Exercise prompt:
The result should be the listing below restated word for word, with images left out.
________________________
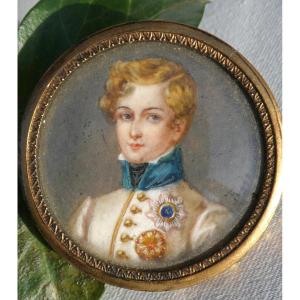 Portrait Miniature , Aquarelle Du Duc De Reichstadt , Fils De l'Empereur Napoléon Ier , Aiglon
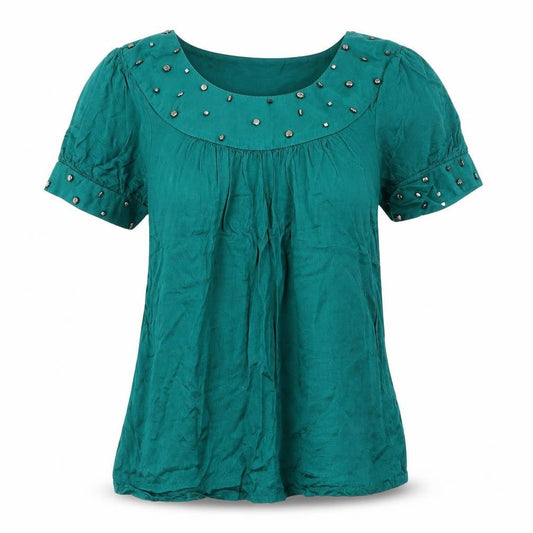 Womens UK Size 8 Et Vous Blue Basic T-Shirt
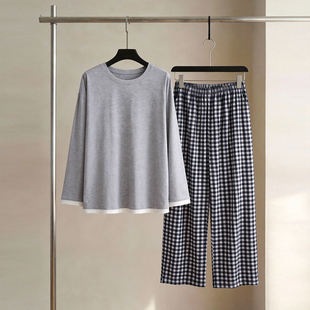 SLEEPTIGHT男士睡衣春秋款纯棉长袖青年男潮帅气时髦格子灰色套装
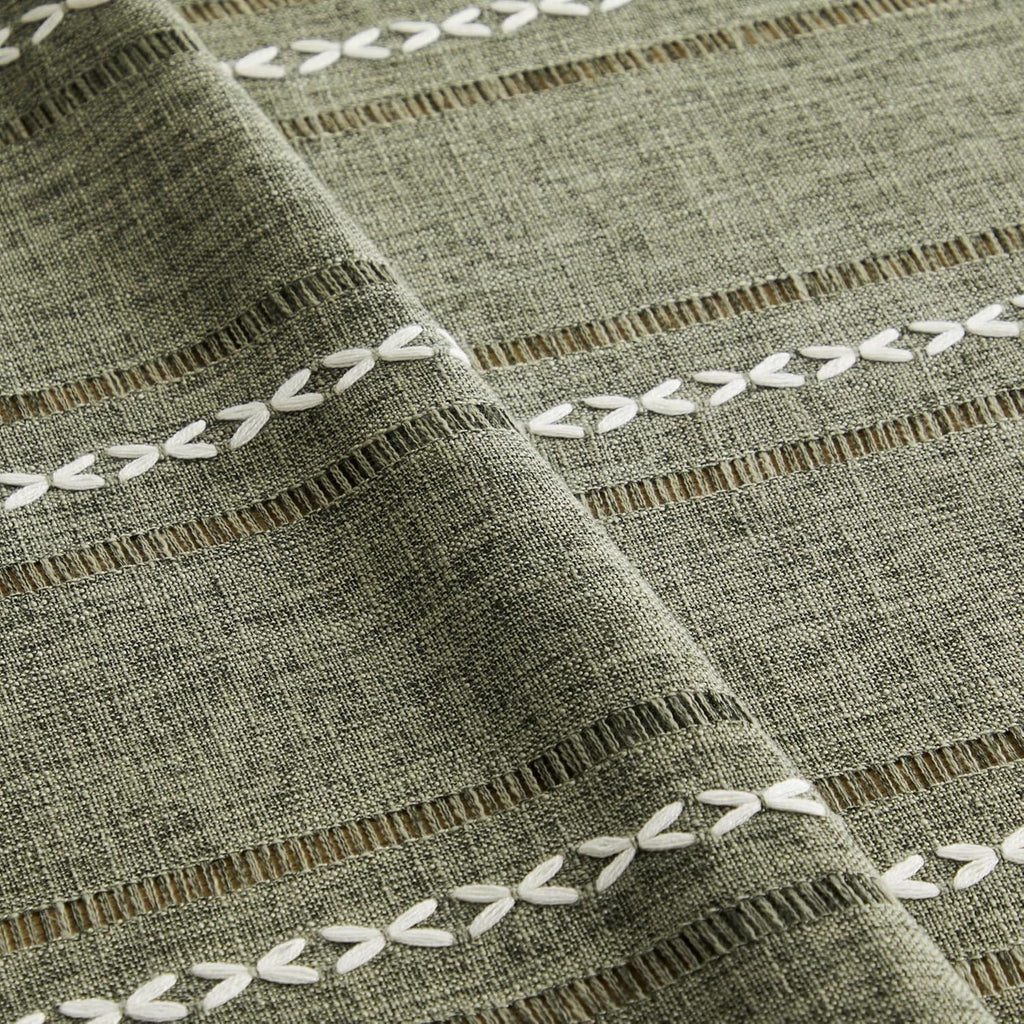 Hemstitched Embroidery Striped Boho Tablecloth 54x70 Inch Olive, Heavy Weight Farmhouse Burlap Linen
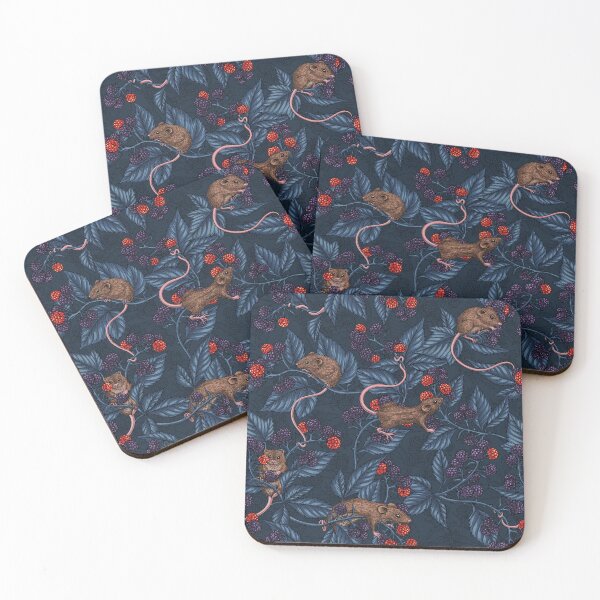 Item preview, Mice and blackberries on navy designed and sold by Katerina Mitkova Kirilova.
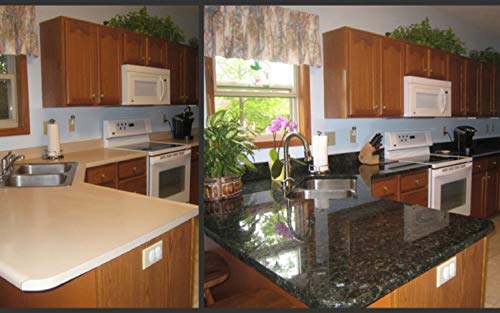 image for EZ FAUX DECOR Black Marble Counter Top Film Self Adhesive Vinyl Lamina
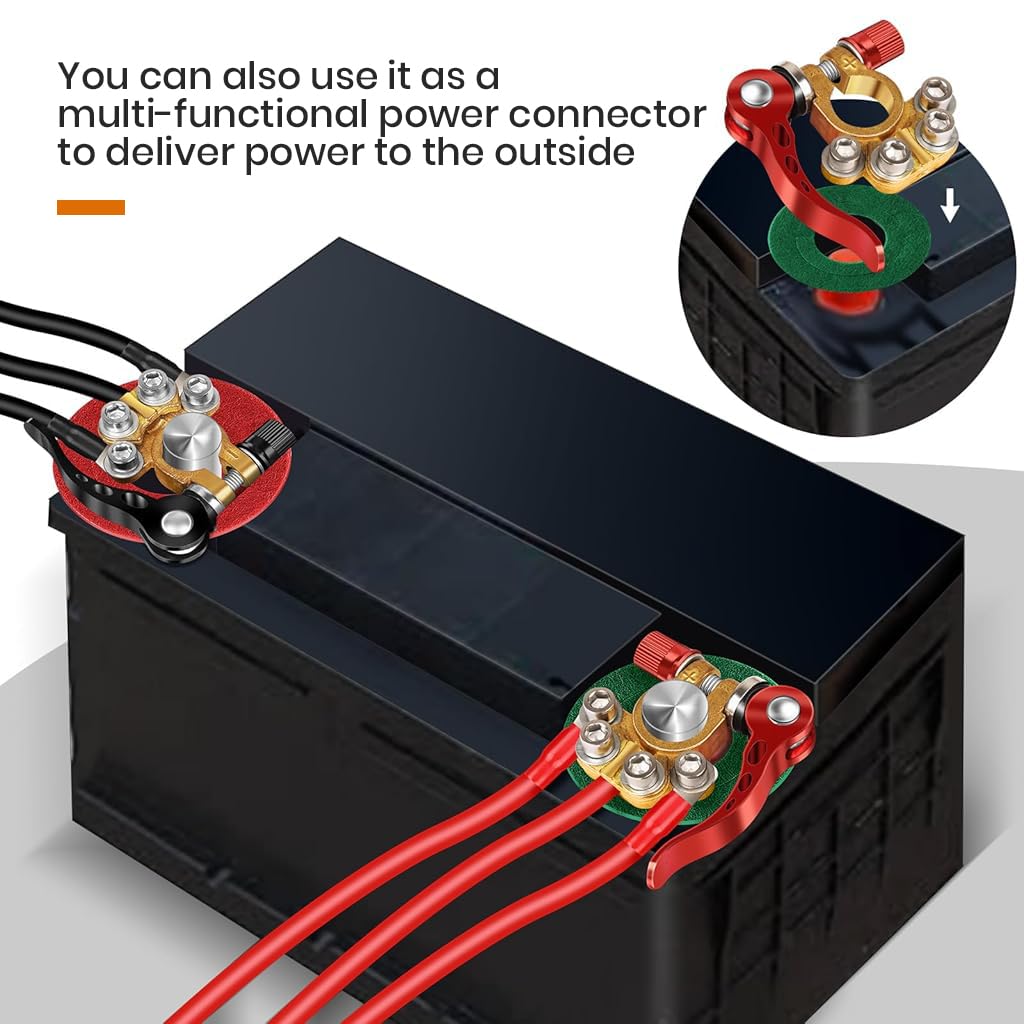 STHIRA Battery Terminal Connectors for Cars Boats and RVs with 4 Bolt Quick Release Copper Design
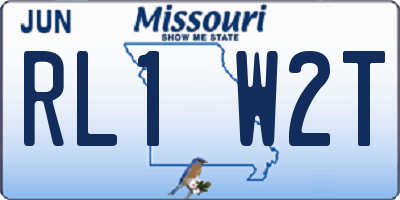MO license plate RL1W2T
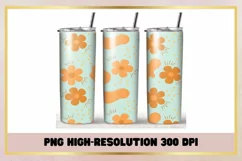 Orange Flowers Boho 20 oz Skinny Tumbler Sublimation Wrap Product Image 1
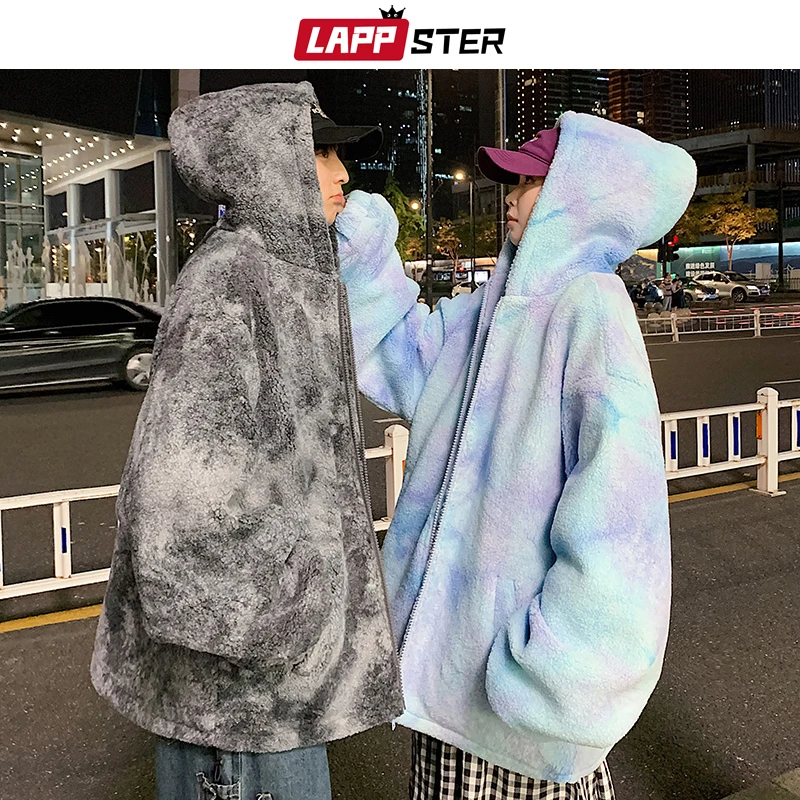 

LAPPSTER Men Winter Tie Dye Hooded Jackets 2021 Mens Harajuku Streetwear Fashion Parkas Male Lambswool Couple Cotton Windbreaker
________________________
Answer space:
 Portrait Miniature , Aquarelle Du Duc De Reichstadt , Fils De l'Empereur Napoléon Ier , Aiglon
 Womens UK Size 8 Et Vous Blue Basic T-Shirt
 SLEEPTIGHT男士睡衣春秋款纯棉长袖青年男潮帅气时髦格子灰色套装
 Hemstitched Embroidery Striped Boho Tablecloth 54x70 Inch Olive, Heavy Weight Farmhouse Burlap Linen
 Item preview, Mice and blackberries on navy designed and sold by Katerina Mitkova Kirilova.
 image for EZ FAUX DECOR Black Marble Counter Top Film Self Adhesive Vinyl Lamina
 STHIRA Battery Terminal Connectors for Cars Boats and RVs with 4 Bolt Quick Release Copper Design
MO license plate RL1W2T
 Orange Flowers Boho 20 oz Skinny Tumbler Sublimation Wrap Product Image 1

LAPPSTER Men Winter Tie Dye Hooded Jackets 2021 Mens Harajuku Streetwear Fashion Parkas Male Lambswool Couple Cotton Windbreaker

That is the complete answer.